AH, the memories that find me now my hair is turning gray,
Drifting in like painted butterflies from paddocks far away;
Dripping dainty wings in fancy—and the pictures, fading fast,
Stand again in rose and purple in the album of the past.
There’s the old slab dwelling dreaming by the wistful, watchful trees,
Where the coolabahs are listening to the stories of the breeze;
There’s a homely welcome beaming from its big, bright friendly eyes,
With The Sugarloaf behind it blackened in against the skies;
There’s the same dear happy circle round the boree’s cheery blaze
With a little Irish mother telling tales of other days.
She had one sweet, holy custom which I never can forget,
And a gentle benediction crowns her memory for it yet;
I can see that little mother still and hear her as she pleads,
“Now it’s getting on to bed-time; all you childer get your beads.”
There were no steel-bound conventions in that old slab dwelling free;
Only this—each night she lined us up to say the Rosary;
E’en the stranger there, who stayed the night upon his journey, knew
He must join the little circle, ay, and take his decade too.
I believe she darkly plotted, when a sinner hove in sight
Who was known to say no prayer at all, to make him stay the night.
Then we’d softly gather round her, and we’d speak in accents low,
And pray like Sainted Dominic so many years ago;
And the little Irish mother’s face was radiant, for she knew
That “where two or three are gathered” He is gathered with them too.
O’er the paters and the aves how her reverent head would bend!
How she’d kiss the cross devoutly when she counted to the end!
And the visitor would rise at once, and brush his knees—and then
He’d look very, very foolish as he took the boards again.
She had other prayers to keep him. They were long, long prayers in truth;
And we used to call them “Trimmin’s” in my disrespectful youth.
She would pray for kith and kin, and all the friends she’d ever known,
Yes, and everyone of us could boast a “trimmin”’ all his own.
She would pray for all our little needs, and every shade of care
That might darken o’er The Sugarloaf, she’d meet it with a prayer.
She would pray for this one’s “sore complaint,” or that one’s “hurted hand,”
Or that someone else might make a deal and get “that bit of land”;
Or that Dad might sell the cattle well, and seasons good might rule,
So that little John, the weakly one, might go away to school.
There were trimmin’s, too, that came and went; but ne’er she closed without
Adding one for something special “none of you must speak about.”
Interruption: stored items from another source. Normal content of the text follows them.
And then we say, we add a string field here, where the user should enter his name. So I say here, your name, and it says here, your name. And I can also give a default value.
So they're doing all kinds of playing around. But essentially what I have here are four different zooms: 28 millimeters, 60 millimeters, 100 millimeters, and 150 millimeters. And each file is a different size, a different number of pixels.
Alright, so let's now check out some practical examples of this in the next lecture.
Gentle was that little mother, and her wit would sparkle free,
But she’d murder him who looked around while at the Rosary:
And if perchance you lost your beads, disaster waited you,
For the only one she’d pardon was “himself”—because she knew
He was hopeless, and ’twas sinful what excuses he’d invent,
So she let him have his fingers, and he cracked them as he went,
And, bedad, he wasn’t certain if he’d counted five or ten,
Yet he’d face the crisis bravely, and would start around again;
But she tallied all the decades, and she’d block him on the spot,
With a “Glory, Daddah, Glory!” and he’d “Glory” like a shot.
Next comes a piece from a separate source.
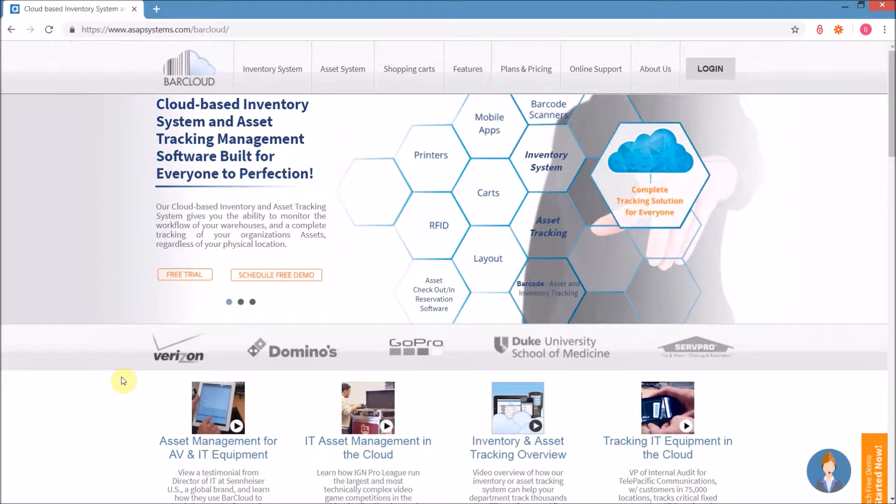Hello, today we're here to talk about a new transaction for the Online Inventory Management System Bar Cloud by ASAP Systems.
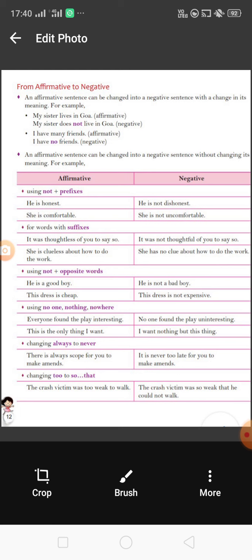Now the fourth rule: if any sentence has an indefinite pronoun, we change it using 'no one,' 'nothing,' or 'nowhere' — these 'no' terms are used in the negative sense. For example: 'Everyone found the play interesting.' Here we change 'everyone' into the negative sense and say 'No one found the play uninteresting.' So 'everyone' changes to 'no one.' I hope you understand.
She would portion out the decades to the company at large;
But when she reached the trimmin’s she would put herself in charge;
And it oft was cause for wonder how she never once forgot,
But could keep them in their order till she went right through the lot.
For that little Irish mother’s prayers embraced the country wide;
If a neighbour met with trouble, or was taken ill, or died,
We could count upon a trimmin’—till, in fact, it got that way
That the Rosary was but trimmin’s to the trimmin’s we would say.
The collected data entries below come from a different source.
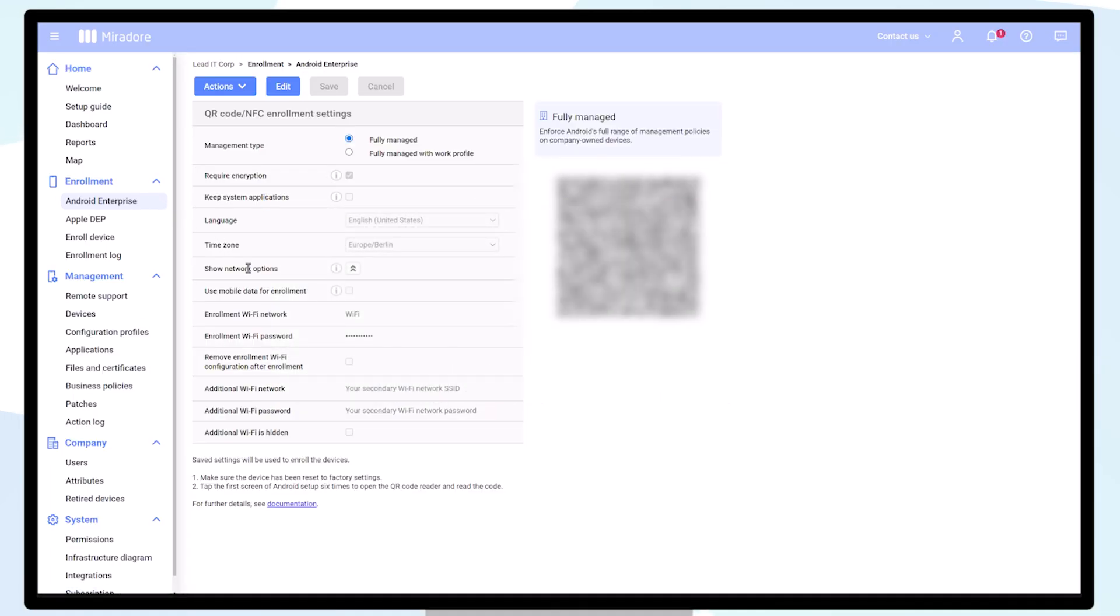To enable this, navigate to Android Enterprise and enter your enrollment Wi-Fi information. I have completed this in advance for the sake of this video.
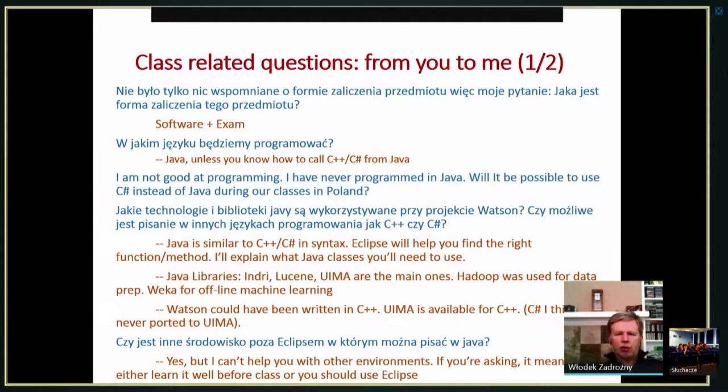The second question asks what programming language we will use. We will do it in Java, because most of the libraries we're going to be using are in Java. However, some of the search engines can be called from C++ or C#. So if you know how to wrap it in a way that can be called from Java, that would be acceptable — but you're going to be on your own since I don't think I can help you with that particular part.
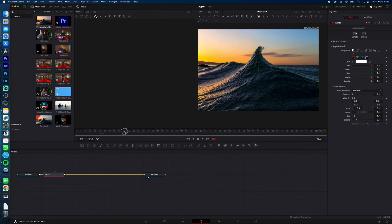Move the timeline slider to the end of the clip. Now, under Write On, Start, type in 0.999, and at End, type in 1.0.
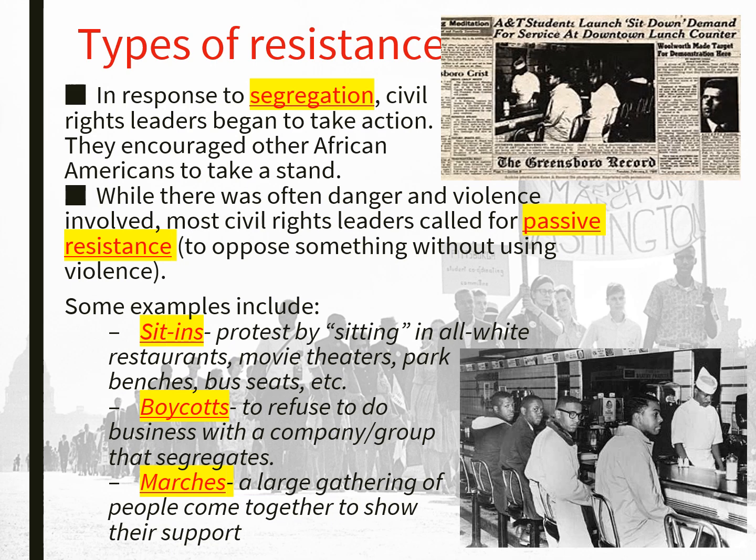There was a lot of resistance to segregation. In response, civil rights leaders began to take action and encouraged other African Americans to take a stand. While there was often danger and violence involved, most civil rights leaders called for passive resistance — opposing something without using violence. Martin Luther King Jr. was very big on passive resistance, just as he learned from Gandhi. Examples of this include sit-ins, where Black protesters would sit in all-white restaurants, movie theaters, park benches, or bus seats.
Then “himself” would start keownrawning1—for the public good, we thought—
“Sure you’ll have us here till mornin’. Yerra, cut them trimmin’s short!”
But she’d take him very gently, till he softened by degrees—
“Well, then, let us get it over. Come now, all hands to their knees.”
So the little Irish mother kept her trimmin’s to the last,
Every growing as the shadows o’er the old selection passed;
And she lit our drab existence with her simple faith and love,
And I know the angels lingered near to bear her prayers above,
For her children trod the path she trod, nor did they later spurn
To impress her wholesome maxims on their children in their turn.
Ay, and every “sore complaint” came right, and every “hurted hand”;
And we made a deal from time to time, and got “that bit of land”;
And Dad did sell the cattle well; and little John, her pride,
Was he who said the Mass in black the morning that she died;
So her gentle spirit triumphed—for ’twas this, without a doubt,
Was the very special trimmin’ that she kept so dark about.
. . . . .
But the years have crowded past us, and the fledglings all have flown,
And the nest beneath The Sugarloaf no longer is their own;
For a hand has written “finis” and the book is closed for good—
Here’s a stately red-tiled mansion where the old slab dwelling stood;
There the stranger has her “evenings,” and the formal supper’s spread,
But I wonder has she “trimmin’s” now, or is the Rosary said?
Ah, those little Irish mothers passing from us one by one!
Who will write the noble story of the good that they have done?
All their children may be scattered, and their fortunes windwards hurled,
But the Trimmin’s on the Rosary will bless them round the world.